Paranormal Activity 2

 

Rating: R

Distributor: Paramount Pictures

Released: Oct 22, 2010

 

Reviewed by Sara Michelle Fetters

 

Paranormal Activity 2 a Sequel that Scares

One of the last movies I ever would have expected to be decent let alone borderline awesome is Paranormal Activity 2. Rushed into production after the 2009 original became s surprise smash, stuck with a concept that seemed like it should have played itself out the first time around, this is a sequel that seems like it would have everything working against it. On paper, these sorts of projects just do not work (see just about any horror sequel to a surprise hit first film ever made for reference), and as hopeful as I was this one would prove me wrong I can’t say going in I anticipated it doing so.
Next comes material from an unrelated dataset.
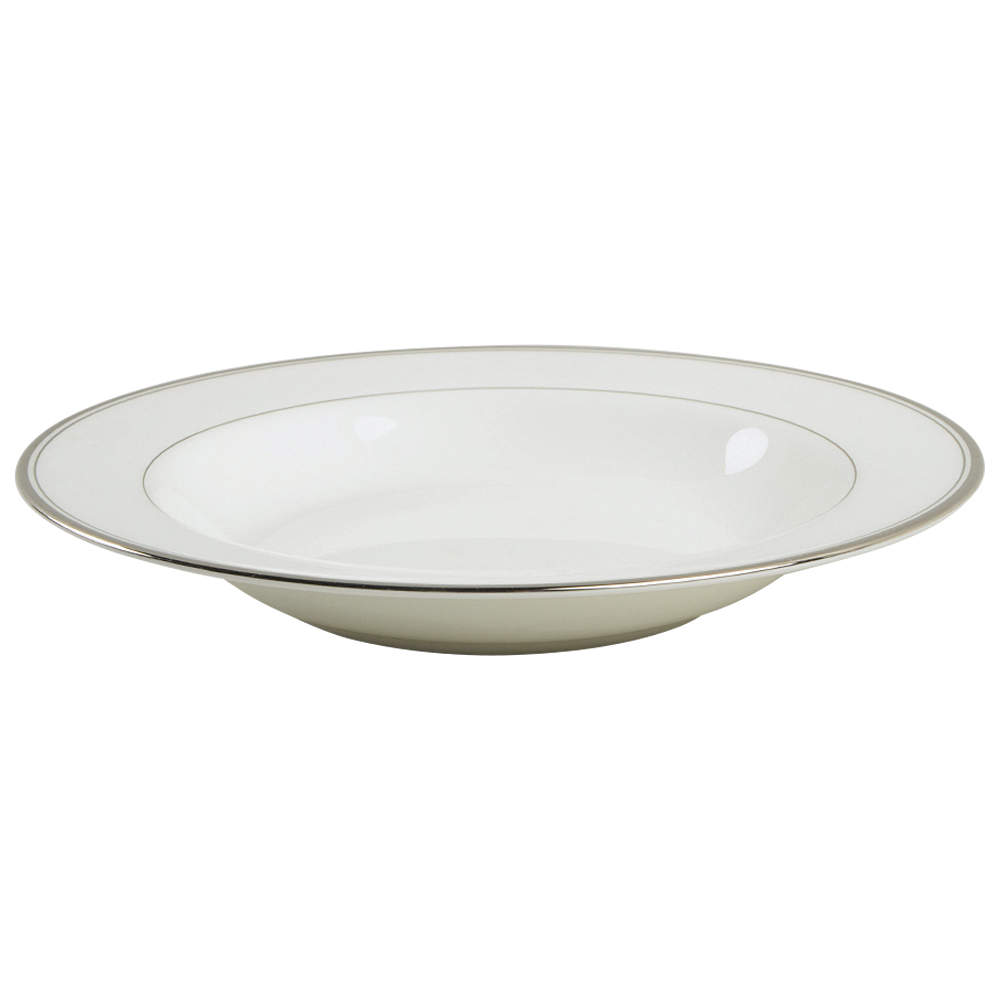 Gothic Platinum Large Rim Soup Bowl by Mikasa-1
The scares are back in town in Paranormal Activity 2 © Paramount Pictures

Thankfully, this wonderfully unsettling and scary thriller did just that and then some. Another tale of a haunting gone terribly wrong, this is a picture that gets it right. Like Oren Peli’s (who returns to produce, co-write the script but not direct) smash from last year, this one knows that it is what you don’t see that scares you, that strange and sinister sounds can be more unsettling than a masked killer wielding an axe. It understands that misdirection can be the cheapest trick of them all, and that playing against convention (a mirror will always draw attention while cracked door catches the eye) is the quickest way to unhinge an audience leading them to scream as if it were their own lives at stake and not the actors up on the screen.

 

So, it should be stated upfront that Katie and Micah are indeed back, but this isn’t their story (although they are a very integral part of it, the first film filling in many of the climactic moment’s blanks) but instead her wealthy sister’s. She’s just had a baby, Hunter, and her husband and daughter-in-law couldn’t be more ecstatic.

 

But something inside the house isn’t nearly as exuberant. It topples chairs, messes with the machine cleaning their pool, has fun torturing the dog and otherwise does some very strange things that slowly but surely make everyone uncomfortable. Most of all it has its eye on Hunter, looking at him as if he were some sort of prize to slowly be one and potentially picked apart right to the bone.

 

So instead of a single camera this time we get surveillance footage from inside the house alone with an HD video recorder that everyone in the family is apparently obsessed with playing with. Additionally, there is a bit of a been there-done that quality to everything that can eat away at the tension at times, the sequel not quite getting to the stratospherically terrifying heights of the original no matter how hard new director Tod Williams and his much larger cast of nondescript character actors try.

 

Yet that doesn’t mean Paranormal Activity 2 doesn’t score. Quite the opposite, in fact. This movie had me and the rest of the late night preview audience right at the edge of our seats, screams filling the theatre time and time again especially during the suitably frenetic and breathlessly unsettling lead-up to the climax. The level of restraint on display here is phenomenal, the tension ratcheting up in spades as we got nearer and nearer the end.

 

Like the first one, this is a movie that simply must be seen with a large audience. The level of participation involved is palpable, watching it a communal event where the frights and shocks build as the audience feeds of one another’s fear. Even though I always sort of knew where it was going that didn’t make me any less under the sequel’s spell, and by the time it was over all I could do was sit in the theatre until the credits ended trying to catch my breath. 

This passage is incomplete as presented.